Task requirements:
Repeat the data verbatim, images excluded.

Given data:

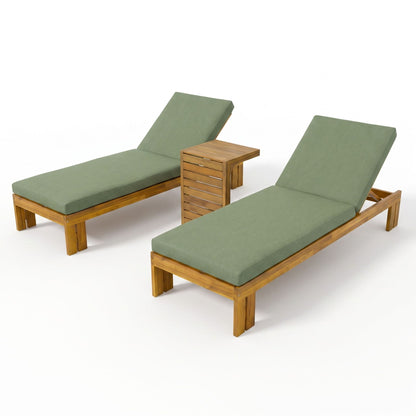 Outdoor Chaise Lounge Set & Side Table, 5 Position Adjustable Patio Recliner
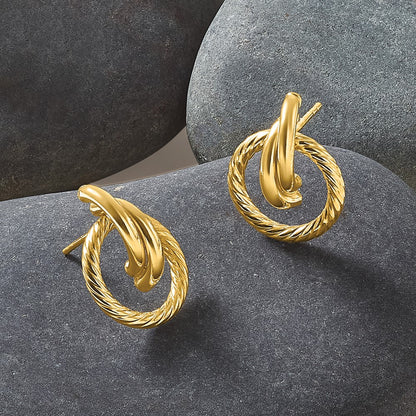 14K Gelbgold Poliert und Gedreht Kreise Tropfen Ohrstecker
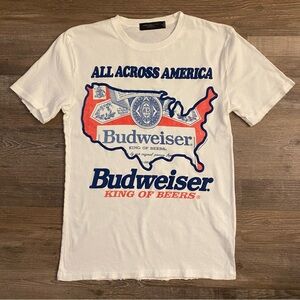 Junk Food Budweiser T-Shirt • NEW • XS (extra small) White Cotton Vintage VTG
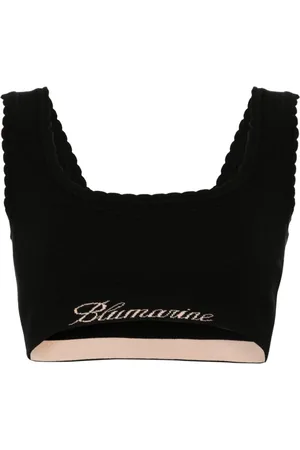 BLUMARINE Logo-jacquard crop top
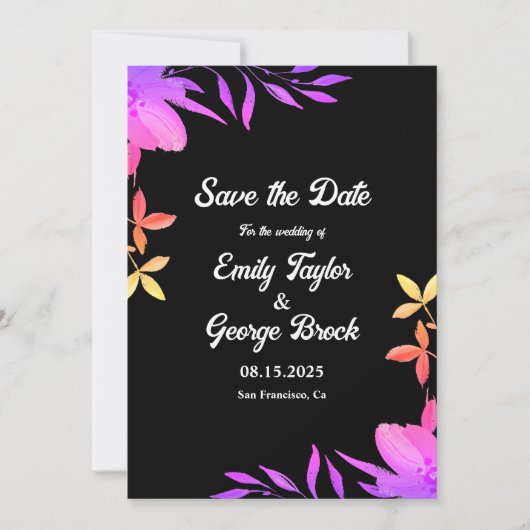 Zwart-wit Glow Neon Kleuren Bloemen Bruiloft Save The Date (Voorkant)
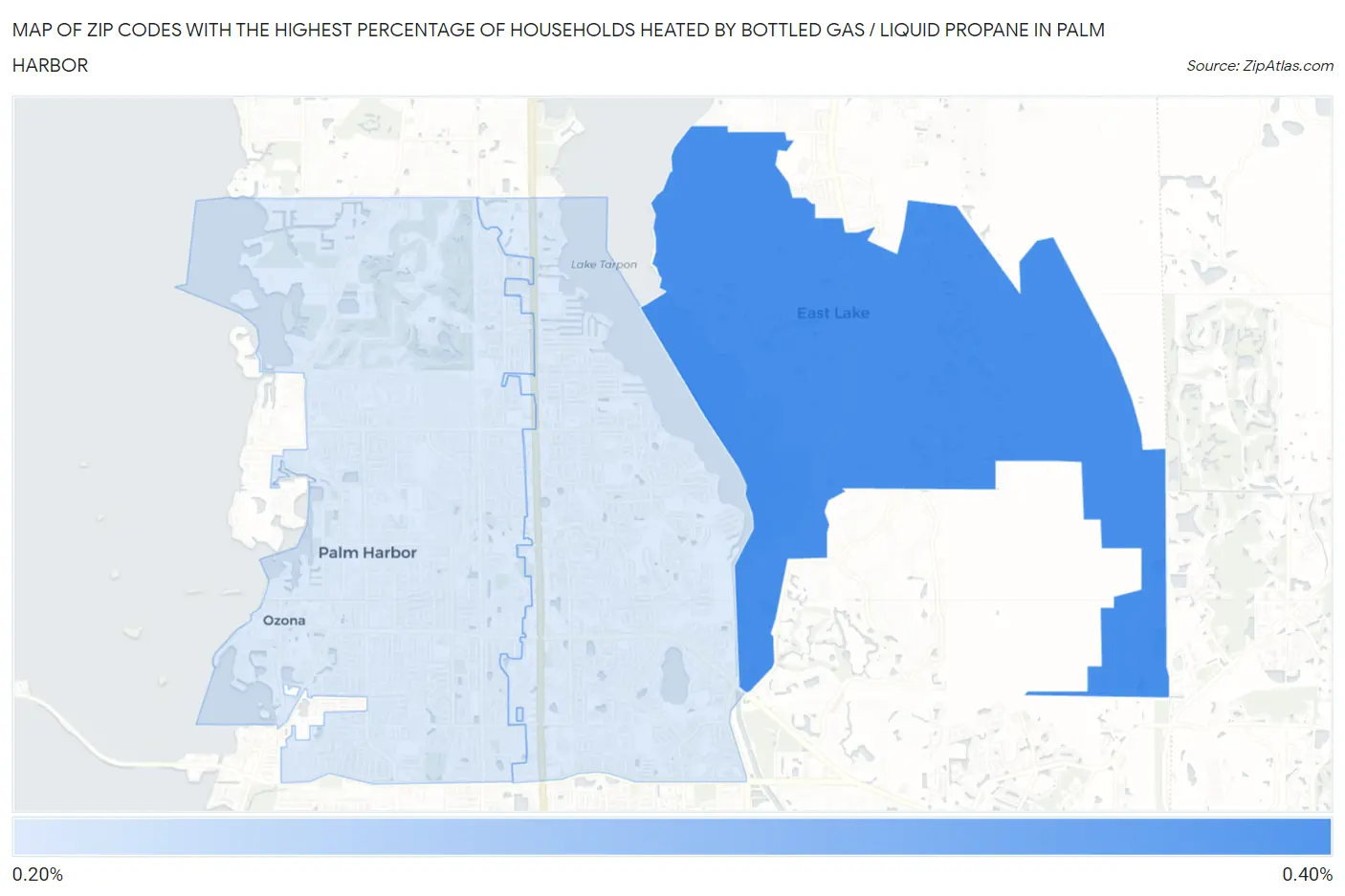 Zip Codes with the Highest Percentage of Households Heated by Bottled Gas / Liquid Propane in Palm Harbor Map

Solution:
 Outdoor Chaise Lounge Set & Side Table, 5 Position Adjustable Patio Recliner
 14K Gelbgold Poliert und Gedreht Kreise Tropfen Ohrstecker
 Junk Food Budweiser T-Shirt • NEW • XS (extra small) White Cotton Vintage VTG
 BLUMARINE Logo-jacquard crop top
 Zwart-wit Glow Neon Kleuren Bloemen Bruiloft Save The Date (Voorkant)
 Zip Codes with the Highest Percentage of Households Heated by Bottled Gas / Liquid Propane in Palm Harbor Map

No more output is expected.